No one really wants to get tangled up in the mess that drugs and alcohol can bring. But when a person struggles with stress, baggage, and trauma, the temporary effects of drugs and alcohol can become an escape, providing freedom from the constant barrage of mental and emotional distress that might plague them when they’re sober.
Admitting to an addiction is like letting go of the comfort that these substances provide and finally facing the stress and trauma that you’ve been trying to escape. That’s why individuals with substance use disorder often go into denial, struggling to accept that they have a problem with either drugs or alcohol. But as the old saying goes, the first step is admitting that there’s a problem.
How to Recognize a Drug or Alcohol Problem
It’s normal for the human mind to try to protect itself from potentially painful truths, and that’s why we’ll often go into denial when faced with harsh realities. Dealing with the death of a loved one, being diagnosed with a terminal illness, and yes, admitting to substance abuse are just some of the bitter pills that we often struggle to swallow. While it might be tough to bring yourself to face reality, there are markers that might tell you when it’s time to get professional help. These may include (but are not limited to):
Poor Eating and Sleeping Patterns
Regardless of what substance a person abuses, sleeping and eating are often two of the most significantly affected aspects of their everyday life. In some cases, an individual might eat or sleep too much, while in other cases, they might not eat or sleep at all.
Poor eating and sleeping habits — especially if prolonged — can be detrimental to a person’s health. Studies have found that struggling to normalize either of these activities can lead to further mental distress, including depression, anxiety, and panic disorder, among other things.

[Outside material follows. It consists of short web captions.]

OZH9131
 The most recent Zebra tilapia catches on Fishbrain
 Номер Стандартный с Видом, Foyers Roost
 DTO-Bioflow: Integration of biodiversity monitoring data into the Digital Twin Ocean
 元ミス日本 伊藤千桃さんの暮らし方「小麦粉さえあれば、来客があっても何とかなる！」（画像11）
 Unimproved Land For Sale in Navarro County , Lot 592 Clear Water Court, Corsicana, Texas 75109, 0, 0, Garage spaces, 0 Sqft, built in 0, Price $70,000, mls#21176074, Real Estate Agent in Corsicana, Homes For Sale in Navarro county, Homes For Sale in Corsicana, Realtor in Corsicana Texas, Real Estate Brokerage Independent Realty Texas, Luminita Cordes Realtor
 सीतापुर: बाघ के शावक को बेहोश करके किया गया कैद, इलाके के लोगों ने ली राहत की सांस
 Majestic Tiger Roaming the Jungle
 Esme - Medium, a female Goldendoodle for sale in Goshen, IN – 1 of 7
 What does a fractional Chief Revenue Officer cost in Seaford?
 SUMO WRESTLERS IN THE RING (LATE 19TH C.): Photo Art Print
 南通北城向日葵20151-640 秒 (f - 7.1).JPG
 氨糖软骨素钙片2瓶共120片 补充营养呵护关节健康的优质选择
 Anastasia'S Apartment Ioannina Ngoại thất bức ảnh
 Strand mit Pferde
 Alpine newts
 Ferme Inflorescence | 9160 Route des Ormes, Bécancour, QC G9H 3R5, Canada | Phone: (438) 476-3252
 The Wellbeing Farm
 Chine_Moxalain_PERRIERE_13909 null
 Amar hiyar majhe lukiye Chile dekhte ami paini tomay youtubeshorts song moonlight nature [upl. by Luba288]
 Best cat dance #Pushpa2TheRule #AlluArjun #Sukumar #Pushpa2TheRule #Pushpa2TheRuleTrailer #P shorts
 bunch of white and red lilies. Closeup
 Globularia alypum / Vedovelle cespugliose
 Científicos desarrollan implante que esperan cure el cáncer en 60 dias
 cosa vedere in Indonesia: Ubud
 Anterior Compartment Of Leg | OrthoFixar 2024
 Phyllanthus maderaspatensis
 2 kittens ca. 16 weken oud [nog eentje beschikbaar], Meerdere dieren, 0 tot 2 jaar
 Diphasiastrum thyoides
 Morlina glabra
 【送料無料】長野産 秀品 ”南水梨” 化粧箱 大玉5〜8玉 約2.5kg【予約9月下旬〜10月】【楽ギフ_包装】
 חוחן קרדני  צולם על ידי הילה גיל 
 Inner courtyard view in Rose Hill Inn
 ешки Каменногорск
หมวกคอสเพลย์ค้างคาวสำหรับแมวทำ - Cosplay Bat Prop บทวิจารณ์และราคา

- Ask yourself, have I been sleeping too much that I no longer have time for other, important or urgent activities throughout the day? Or have I been hardly sleeping at all? Consider your diet. Do you eat more than you should at various times throughout the day? Are you always hungry and looking for more food to eat? Or do you eat very little, causing significant weight loss?
Work or School Related Struggles
As an addiction develops, a person loses their sense of obligation. They become more and more attached to their substance, doing anything to nurse their addiction and dependence. In effect, they fail to recognize school or work obligations as important, becoming lax when it comes to fulfilling their duties.
More often than not, individuals with an addiction end up losing their jobs or dropping out of school. But it doesn’t have to reach that point before you recognize that there’s a problem. With proper insight, some individuals may be able to preserve their career or their education by asking themselves the right questions.
- Ask yourself, am I missing too many work or school related obligations? Have I skipped too many days of work or class? Have my superiors/teachers pulled me aside to ask me if anything is wrong at home, or have they given me any warnings regarding my performance?
Maintaining a substance use disorder isn’t cheap, and most people will burn through their savings in order to secure their next dose. Unfortunately, financial struggles are much too common with individuals struggling with substance abuse. In fact, there are lots of people who have pushed the limits of their finances so far that they end up going homeless to support their urges.
The financial challenges that come with substance use disorder can be especially dangerous because of the way they can push a person to engage in illegal activities. These financial struggles are also the reason why some family members choose to abandon the individual because of the way they burden the family’s finances.
- Ask yourself, am I spending more than I can afford on drugs and alcohol? Do I ever run out of money because of the cost of these substances? Have I ever considered borrowing or taking money from people around me to support my urges? Have I ever considered engaging in illegal activities like theft in order to purchase my next fix? Have I ever considered taking bribes in exchange for drugs or alcohol?
Serious Threats to Health
Sometimes, a person needs to reach the point of a serious health threat in order to accept that they have a problem with drugs or alcohol. Many of those who turn away from substance use and enroll themselves into a treatment program do so after close encounters with death or serious injury or disability.
Typically, an overdose happens when a person is far along in their addiction. As the body becomes accustomed to smaller doses, the individual is forced to take much higher amounts of the substance in order to experience its effects. Unfortunately, the body can only take a certain amount at a time, and when the system is overwhelmed, overdose occurs.
- Ask yourself, has there ever been a time that I took more than I usually do, resulting in long hours of unconsciousness? Have I ever been hospitalized because of my substance use? Do I need to take more drugs and alcohol than the people around me in order to experience its effects? Has my dose increased significantly since the first time I tried using the substance?
Be Honest With Yourself
Accepting an addiction means being fair with and true to yourself. As you lay down the facts and assess how drugs or alcohol have changed your life, it’s important to remove the rose tinted glasses and see the issue as it truly is. Accepting that you have a drug or alcohol problem involves recognizing all of the ways that its presence has taken away from the quality of your everyday life.
While it might be difficult to admit to yourself that your substance use has escalated into a potentially life-threatening problem, help is never far away. With proper guidance and support, anyone can overcome substance use disorder and experience the fullness of life away from the shackles that drugs and alcohol come with.